For quite some months I was running after crazy potion and p2 testing problems, which looked like compiler or stack alignment problems.
potion, the vm for p2 uses tricky volatile words to force the compiler to put all GC-able data onto the stack, and not in registers so that the GC only needs to walk the stack to find all accessible data. No need to come to tricks like the boem-weiser libgc does to spill registers somewhere to be able to track them. The second trick is to keep the stack properly aligned, at least 16 byte on darwin, but in case of SSE or AVX instructions or with double return values (e.g. atof) the alignment must be 32 byte.
But as is turned out the problem was not related to a missing volatile, which would have caused GC troubles, i.e. SIGBUS errors, nor stack alignment problems (i.e. random data corruption, esp. in the main interpreter).
The first fix was to disable -fstack-protector. I added this to enable all known hardening flags. But stack-protector, esp. -fstack-protector-all corrupted my manual assembly layout.
The second final fix was to add .NOTPARALLEL: test to my Makefile. WTF??
It turned out that all tests work fine if I run them with make -j1 test, but start failing consistently at the same place when using -j2 or -j4. And the cause is my shell-scripted testsuite within the Makefile.

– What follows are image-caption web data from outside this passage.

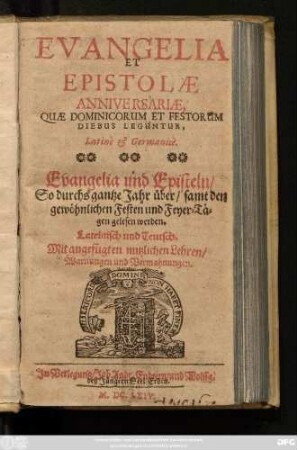 Evangelia Et Epistolae Anniversariae Quae Dominicorum Et Festorum Diebus Leguntur, Latine & Germanice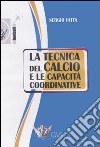 La tecnica del calcio e le capacità coordinative. Con DVD libro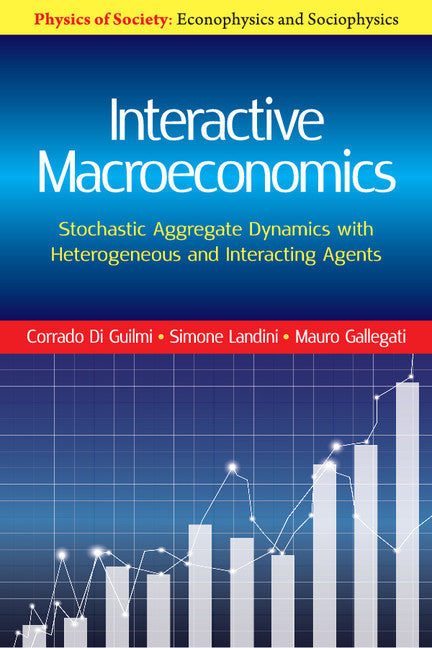 Interactive Macroeconomics; Stochastic Aggregate Dynamics with Heterogeneous and Interacting Agents (Hardback) 9781107198944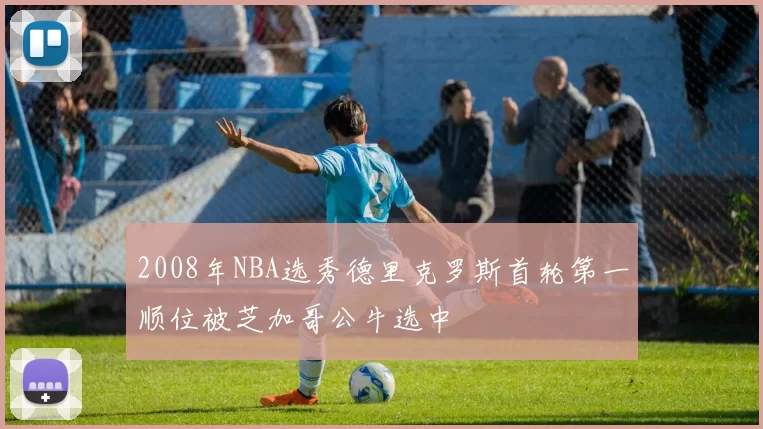 2008年NBA选秀德里克罗斯首轮第一顺位被芝加哥公牛选中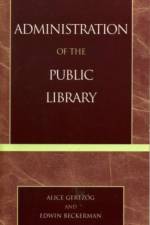 Administration of the Public Library af Alice Gertzog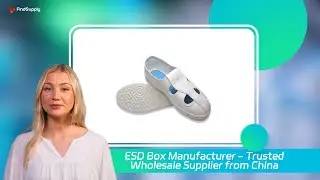 ESD Box Manufacturer - Trusted Wholesale Supplier from China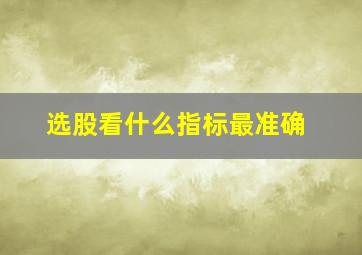 选股看什么指标最准确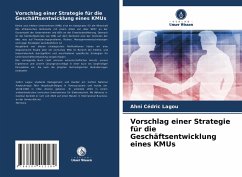 Vorschlag einer Strategie für die Geschäftsentwicklung eines KMUs - Lagou, Ahni Cédric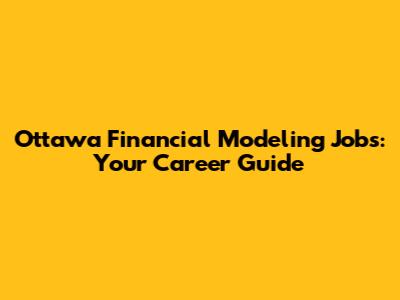 Ottawa Financial Modeling Jobs: Your Career Guide
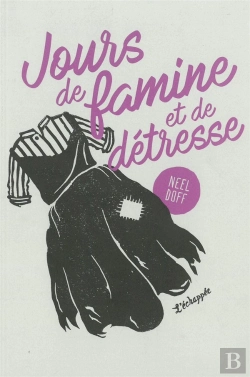 Bertrand.pt - Jours De Famine Et De Détresse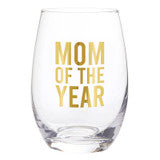 Stemless Wine Glass - Mom of the Year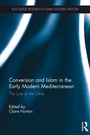 Cover: Conversion and Islam in the Early Modern Mediterranean - Routledge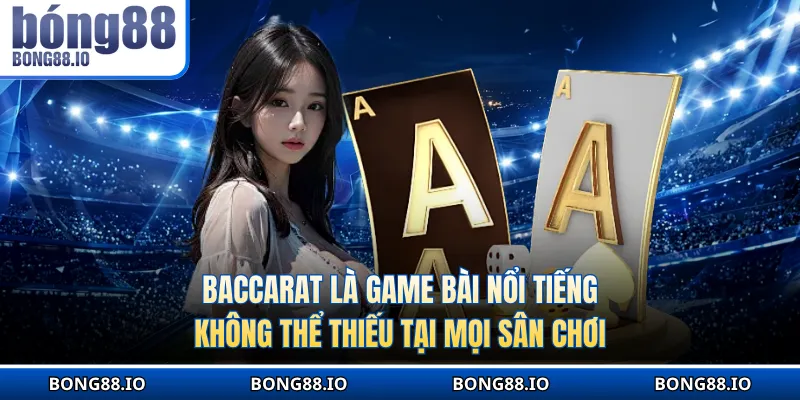 Baccarat là game bài nổi tiếng không thể thiếu tại mọi sân chơi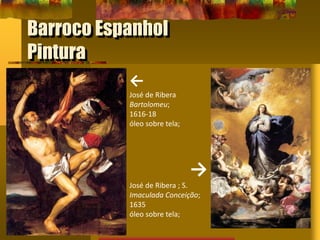 Barroco Espanhol
Pintura
←
José de Ribera
Bartolomeu;
1616-18
óleo sobre tela;
→
José de Ribera ; S.
Imaculada Conceição;
1635
óleo sobre tela;
 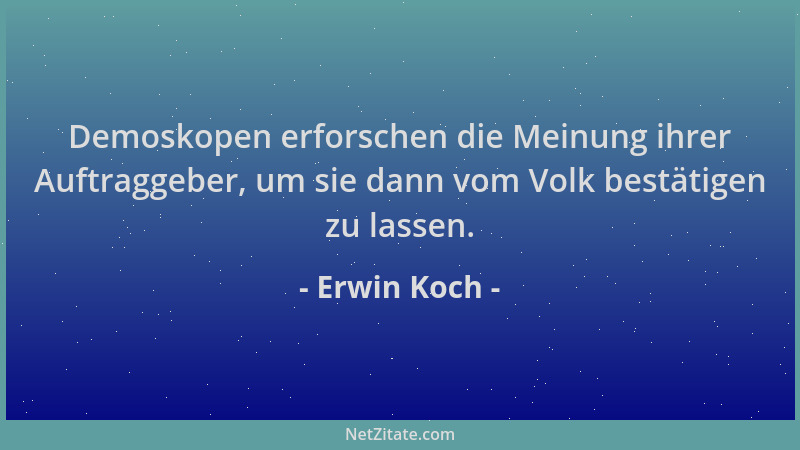 Erwin Koch - Demoskopen erforschen die Meinung ihrer Auftraggeber, um sie dann vom Volk bestätigen zu lassen....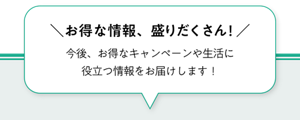 ＼お得な情報、盛りだくさん！／今後、お得なキャンペーンや生活に役立つ情報をお届けします！ 会員登録はこちらから！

When running my for loop for all tests in parallel I got concurrent reads from pipes to extract the expected result from the test via sed.
for f in test/**/*.pl; do \ look=`cat $$f | sed "/\#=>/!d; s/.*\#=> //"`; \ for=`p2 --inspect $$f | sed "s/\n$$//"`; \ if [ "$$look" != "$$for" ]; then \ echo; \ echo "$$f: expected <$$look>, but got <$$for>"; \ failed=`expr $$failed + 1`; \ else \ echo -n .; \ fi; \ count=`expr $$count + 1`; \ done; \ pass=`expr $$pass + 1`
Citing the info page:
"Another problem is that two processes cannot both take input from the same device; so to make sure that only one recipe tries to take input from the terminal at once, make will invalidate the standard input streams of all but one running recipe. This means that attempting to read from standard input will usually be a fatal error (a 'Broken pipe' signal) for most child processes if there are several. It is unpredictable which recipe will have a valid standard input stream (which will come from the terminal, or wherever you redirect the standard input of make). The first recipe run will always get it first, and the first recipe started after that one finishes will get it next, and so on." http://www.gnu.org/software/make/manual/html_node/Parallel.html
Marking the test target with .NOTPARALLEL: test runs the tests not in parallel and all is fine now. Since all 258 tests run in ~1sec I don't care yet to enable parallel testing support.